## Directions for this task
Below this line is a listing that includes pictures. Copy exactly, and only, the lines from the one containing "Fashion Nova VTG" through the one containing "Kensie Shift Dress"; the pictures do not go in the copy.

## Excerpted records
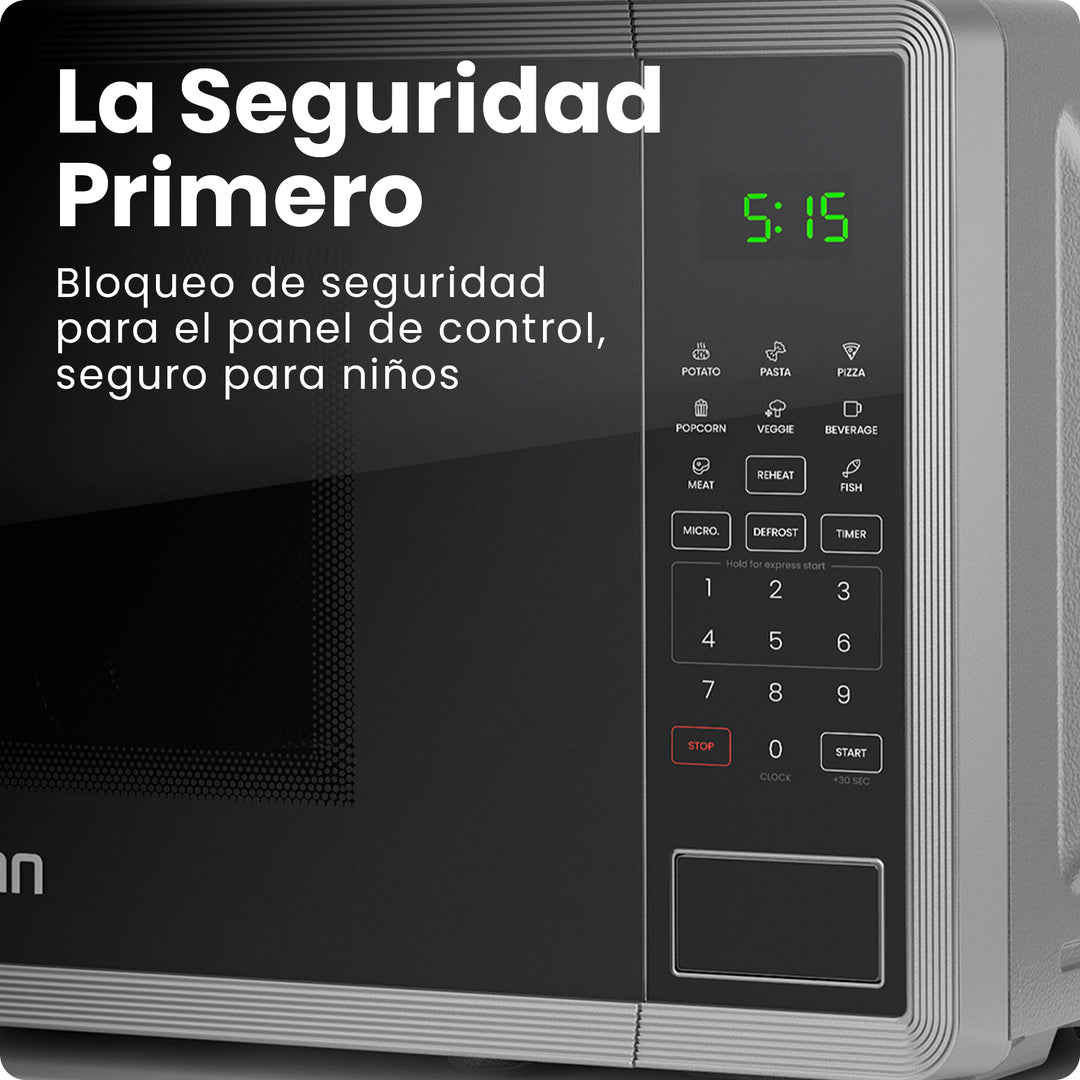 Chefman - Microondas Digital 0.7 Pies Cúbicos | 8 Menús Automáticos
==
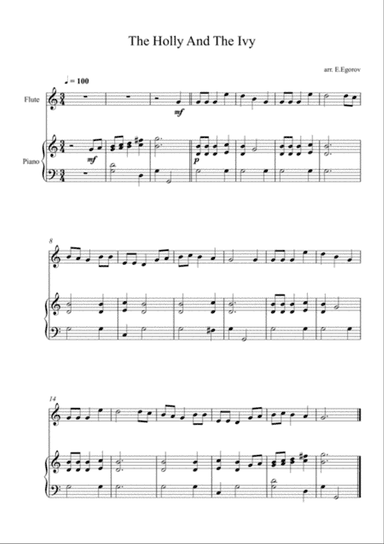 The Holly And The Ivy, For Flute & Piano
--
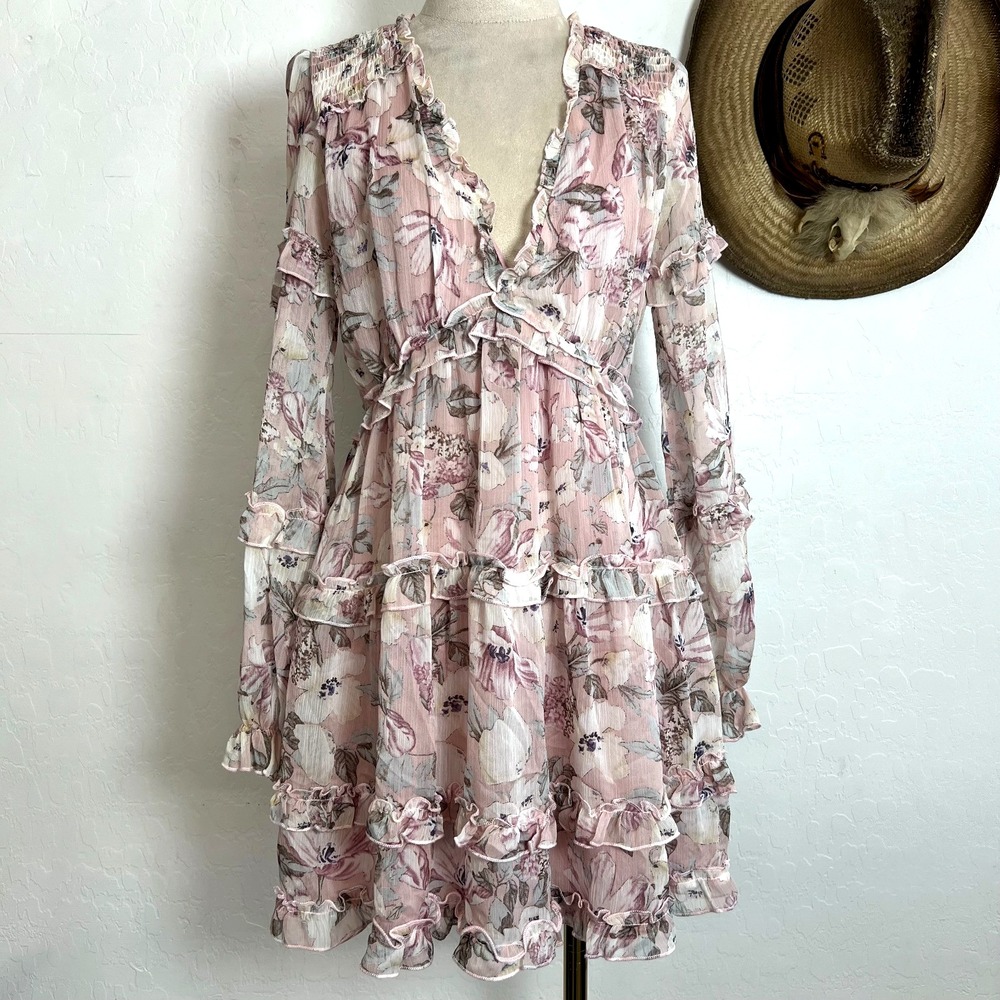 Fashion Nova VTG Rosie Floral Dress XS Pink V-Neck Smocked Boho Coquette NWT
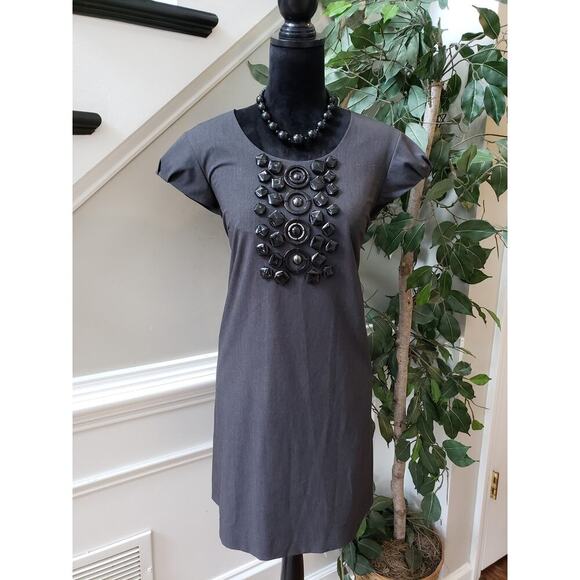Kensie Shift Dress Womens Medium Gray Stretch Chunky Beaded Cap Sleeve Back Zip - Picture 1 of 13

## Answer space
 Fashion Nova VTG Rosie Floral Dress XS Pink V-Neck Smocked Boho Coquette NWT
Kensie Shift Dress Womens Medium Gray Stretch Chunky Beaded Cap Sleeve Back Zip - Picture 1 of 13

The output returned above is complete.